Question is this. I have never had to buy gasket sets myself as I always had my mechanic do it. But since I have been on this forum I am highly motivated and much more confident to start doing things myself. So where is the best place to buy gaskets at?

Cost is just as much a concern for me as quality. I need the best of both if possible?
 
Realgaskets.com makes a good silicone gasket and as long as you follow the directions you can re-use it which cuts the price in half if you ever remove it. All the new bikes come with rubba cam gaskets.

Steve
 
Also put a VERY small dab of silicon on the half moon plugs
 
I just replaced both my 'D' rings and VC gasket last Wednesday. My first time on this bike, a 'GK. I had to remove the top breather vent and clutch cable to get it around the big fairing, but was relatively easy. I installed 4 new 'D' plugs dry, and smeared oil on the gasket and installed. No Leaks at all, and total time was about 40 minutes. :twisted:
 
The rubber half moons are infamous for leaking. Even new ones can leak in a little while. I put on a small dab of semi-hardening gasket sealant. Just don't put so much that excess can get squeezed into the motor.
 
hey mark;

The end rubber caps are notorious for leaking. They seem to dry up over time allowing little but annoying little gaps around the machined lip.

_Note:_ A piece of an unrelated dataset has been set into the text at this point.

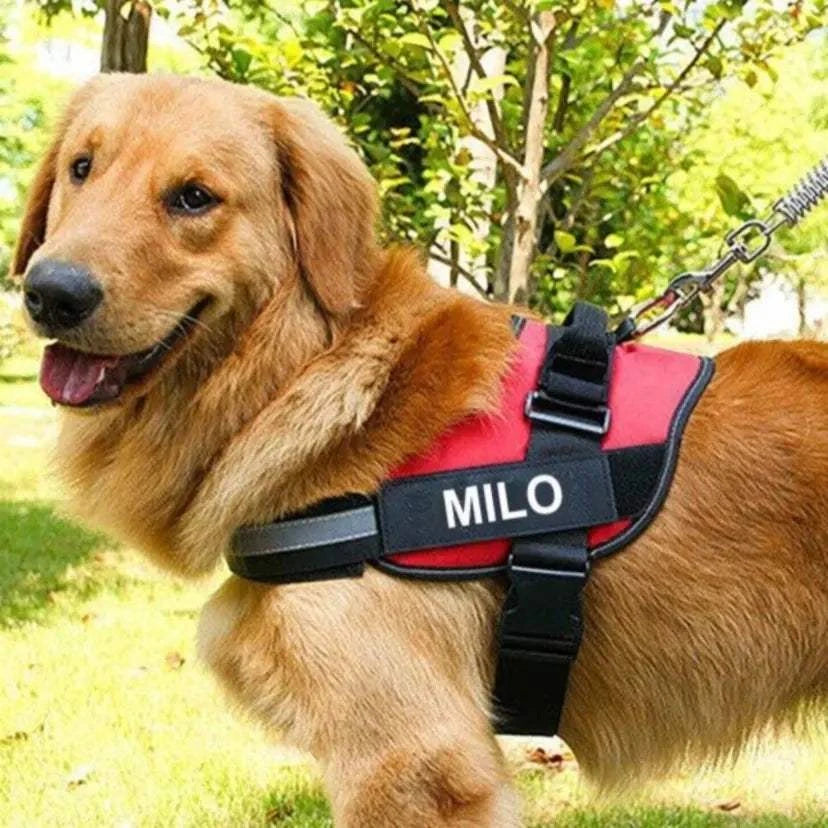 Personalized Dog Harness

Like the others said a little silicone goes a long way in helping that problem . Also you might check the kawi dealer they used to carry about a million of them because of that problem. They still might have them in stock and they used to be cheap. Also be careful be really careful when you torque down the heads torque down to the specs only as they heads are really thin and will flex and little cracks will apear around the outer bolt holes and start leaking oil It will seem like the rubber caps but will be the bottom of the head instead. They had problems with heat on the 550's and the cylinder block will warp causing the heads to twist also.(the 550's always ran hot) I used to run across quite a few warped heads and blocks when they raced them. But normal street riding didn't seem to cause much trouble as i saw only maybe a dozen or so from the streets.
 
Thx guys. I am looking at a set I found on eBay right now. Goes off in three days. He wants 10 for them to start with a buy it now of 30. I will try to win them for 10 and if not I will order them. The ones in the bike I do not want to bother re seating because they look really bad.

You have me scared with that head cracking warping thing. I followed the torque specs but don't want to put a lot of money into something that is going to turn to crap on me anyway due to a known heat problem.
 
A tip a mechanic friend of mine told me is, a single wrap of teflon tape around the half-moon plugs usually will cure the problem.
4000 miles since I did my 1000 and the leak still hsn't returned.
 
Hoomgar said:
Thx guys. I am looking at a set I found on eBay right now. Goes off in three days. He wants 10 for them to start with a buy it now of 30. I will try to win them for 10 and if not I will order them. The ones in the bike I do not want to bother re seating because they look really bad.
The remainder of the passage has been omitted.